Evangelos Psomas, Christina Dimitrantzou, Fotis Vouzas and Nancy Bouranta

The purpose of this paper is to focus on the cost of quality (CoQ) of food manufacturing companies. The study aims at empirically validating the conceptual structure of…

Abstract

Purpose

The purpose of this paper is to focus on the cost of quality (CoQ) of food manufacturing companies. The study aims at empirically validating the conceptual structure of the core dimensions of CoQ (prevention, appraisal, internal and external failure cost) and determining their level and relationships. Determining the reasons for not measuring the CoQ as well as the barriers-difficulties and benefits of the CoQ measurement is also an aim of the present study.

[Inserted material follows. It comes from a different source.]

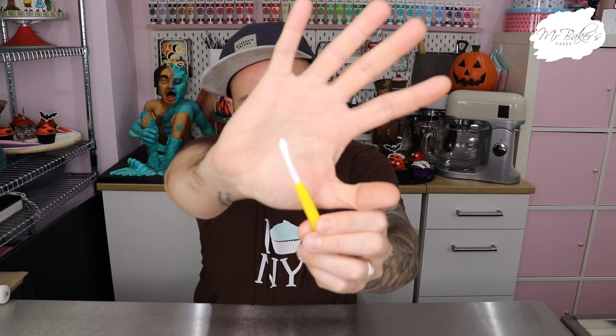Next is the PME flower and veining tool — most of us know it as the Dresden tool. It has a sharp edge on one side and a more rounded spoon shape on the other. I have lots of cake decorating tools that I love, but if I could only keep one, it would be the PME Dresden tool. If I was sent to a desert island with only one cake decorating tool, that would be it — and I know a lot of cake decorators who veer towards sculpted cakes would agree.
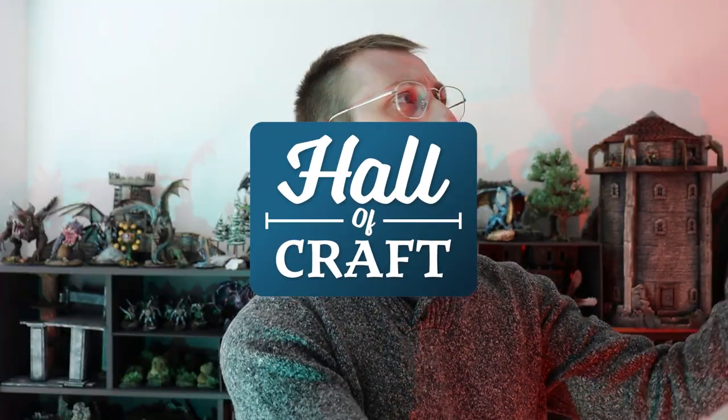Hello friends and welcome back to the Hall of Craft! I'm back with another video for you guys.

Design/methodology/approach

Greek food manufacturing companies were approached through a structured questionnaire and 91 participated in the study. Exploratory and confirmatory factor analysis, descriptive statistics and correlation analysis are applied for data analysis.

Findings

The structure of the core dimensions of CoQ is empirically validated, while all of them range within medium levels and are inter-related. The reasons for companies not measuring the CoQ as well as the barriers-difficulties of companies measuring the CoQ are not significant. On the contrary, significant benefits are derived from the CoQ measurement.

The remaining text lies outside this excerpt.